Looks aside, what moviegoers get in "Marshall" is a film faithful to the facts and to the man, according to those who have studied the real-life Connecticut rape case from 1941 and those who knew Marshall. He died in 1993 at age 84.
Michael Koskoff, a lawyer who wrote the screenplay with his son, said he began with the information he had about the case, then filled in the gaps.
In early 1941, Marshall was in Bridgeport, Connecticut, to represent Joseph Spell, a black chauffeur accused by his wealthy, white employer of rape. Because Marshall was an out-of-state attorney, he enlisted the help of a local lawyer, Sam Friedman, who was white and had expertise in trying civil cases, not criminal ones.
The movie shows a 32-year-old Marshall, with one Supreme Court argument under his belt and more than a decade before his victory in the landmark Brown v. Board of Education case that outlawed segregation in public schools. Koskoff said there is "nothing particularly significant" about the case depicted in the movie, but it is representative of the legal work Marshall was doing in the early 1940s on behalf of the NAACP: traveling around the United States to defend black men accused of crimes, and doing it at great personal risk.
Koskoff said he reviewed newspaper articles, investigators' notes and what remained of court files. He looked at letters between Marshall and co-counsel Friedman and notes Marshall took during jury selection.
There was no transcript of court proceedings. As a result, much of the courtroom dialogue is made up, as is the nature of the relationship between the two lawyers.
The movie takes other factual liberties:
But more is accurate than not in the film, including even details about minor characters. "Some of the things you would think are not true were true," Koskoff said, referencing a point in the movie where Friedman, in the courtroom, demonstrates being gagged.
Details moviegoers learn about Marshall's life also are correct, including the fact that his first wife, Vivian "Buster" Marshall, suffered multiple miscarriages before her death from cancer in 1955. It wasn't until his second marriage, to Cecilia Suyat, that he became a father.
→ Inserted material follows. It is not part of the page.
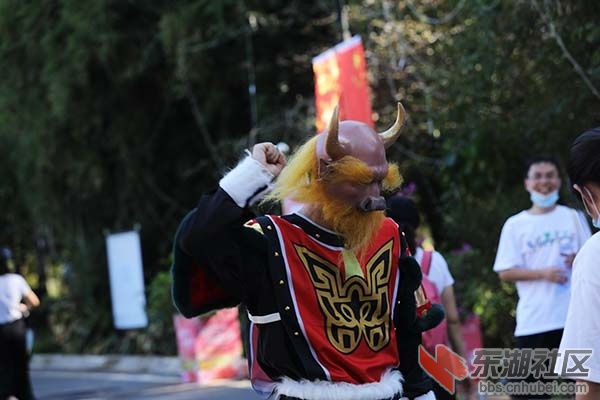 牛哥发红旗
One of their two boys, John Marshall, reviewed multiple drafts of the movie's script and helped the scriptwriters capture his dad. John Marshall said the film's director, Reginald Hudlin, called him half a dozen times asking whether certain details were right, down to whether his father smoked. The filmmakers faithfully captured his father's sense of humor, his confidence and his mastery of the law, John Marshall said.
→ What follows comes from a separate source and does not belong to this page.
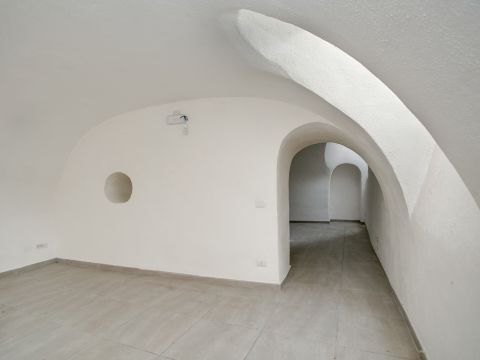 Via dei Quattro Cantoni, 9a - Roma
University of Maryland law professor Larry Gibson, a Marshall biographer, agreed that the movie's creators got how Marshall carried himself. "Life hung on him kind of loosely," he said.
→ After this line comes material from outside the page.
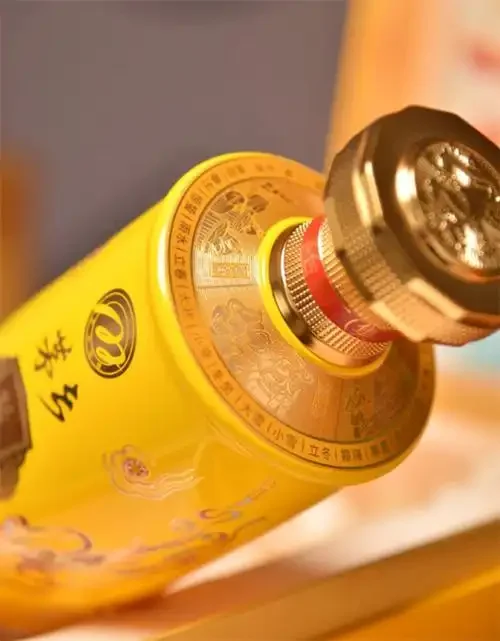 传统酱香型白酒下沙工艺操作现场，酿酒师正在将润好的红缨子高粱与酒曲混合，准备入窖发酵。_1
Susan Low Bloch, a Georgetown professor who clerked for Marshall at the Supreme Court, said the movie captured the personality, sense of humor and thoroughness of the Marshall she knew.
Moviegoers who linger in the theater through the credits will get to hear Marshall himself in a bit of old audio. He says in part: "You know, there are so many people, indeed my own sons at times, look at me with an expression on their face that they don't believe what happened in the past."